Большевики в это время, по нашему мнению, не задумывались о проблемах политического контроля и политического сыска в случае своего прихода к власти. В работе «Государство и революция», написанной В. И. Лениным летом 1917 года и являвшейся квинтэссенцией взглядов вождя большевиков на эту проблему, содержались две основные идеи: необходимость государственной власти — «организованного насилия» для «подавления сопротивления эксплуататоров и для руководства громадной массой населения», «временное использование орудий, средств, приемов государственной власти против эксплуататоров» и одновременно мысль о том, что, поскольку «большинство народа само подавляет своих угнетателей», то «особой силы» для подавления уже не нужно и «народ подавить эксплуататоров может и при очень простой „машине“, почти что без „машины“, без особого аппарата, простой организацией вооруженных масс (курсив В. И. Ленина. — В. И.) (вроде Советов рабочих и солдатских депутатов…)» [120]. Как видим, здесь присутствуют утопические представления о возможности быстрой реализации идей «государства-коммуны». Суровая реальность, превращение большевиков в государственников, стремление удержать захваченную власть требовали от Ленина и его соратников формирования, в частности, специальных структур для проведения политического контроля и политического сыска.
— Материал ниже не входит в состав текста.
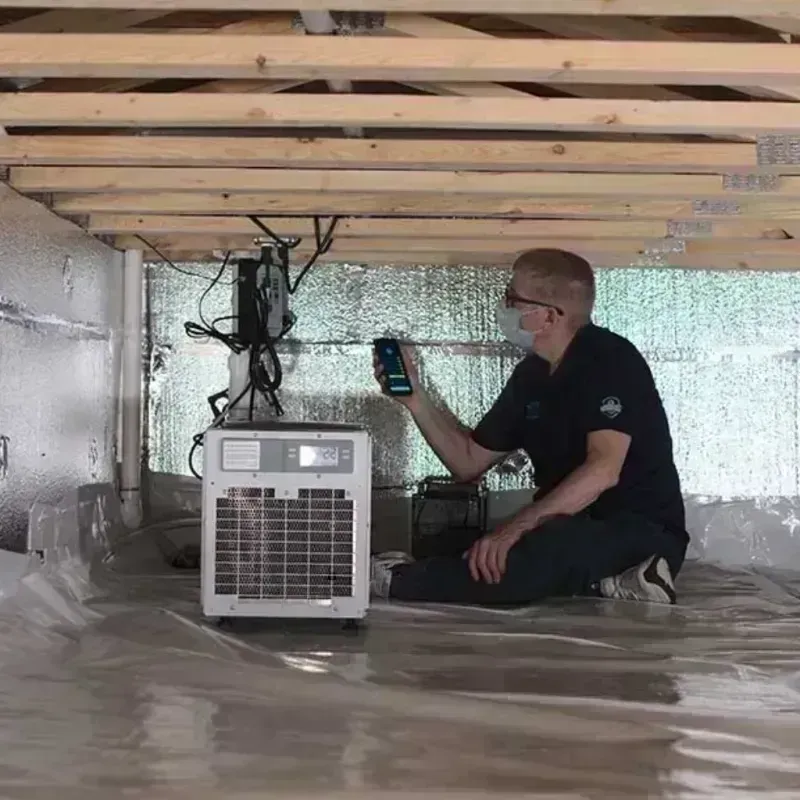 Crawl Space Water Removal Service in Clear Lake, WI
Результатом этого быстро изменившегося подхода стало, в том числе, создание Всероссийской чрезвычайной комиссии по борьбе с контрреволюцией и саботажем (с августа 1918 года название изменилось: «…по борьбе с контрреволюцией, спекуляцией и преступлениями по должности») 7 (20) декабря 1917 года. В начале 1919 года председатель Верховного революционного трибунала ВЦИК Н. В. Крыленко, видный деятель коммунистической партии, говорил: «Мы признаем необходимость правильной постановки политического розыска, т. е. политического сыска и в этом также ничего зазорного не видим» [121]. В условиях Советской России необходимость политического контроля для руководства страны стала особенно ощущаться в условиях все более разгоравшейся Гражданской войны, с лета 1918 года. В это время на территории республики было прекращено издание оппозиционных газет и журналов, в июне — июле 1918 года из состава Советов были в основном исключены представители остававшихся там оппозиционных социалистических партий: меньшевики, правые и левые эсеры и т. д. Росло недовольство значительной части крестьянства, рабочих Москвы, Петрограда и других городов своим экономическим положением. В этой обстановке правящая партия придает все большее значение получению достаточно объективной закрытой информации. Из законодательных документов исчезла формула о «неприкосновенности личности и жилища», обещанная в программе социал-демократов. В Конституции 1918 года говорилось лишь, что, «руководствуясь интересами рабочего класса в целом, Российская Социалистическая Федеративная Советская Республика лишает отдельных лиц и отдельные группы прав, которые используются ими в ущерб интересам социалистической революции» [122].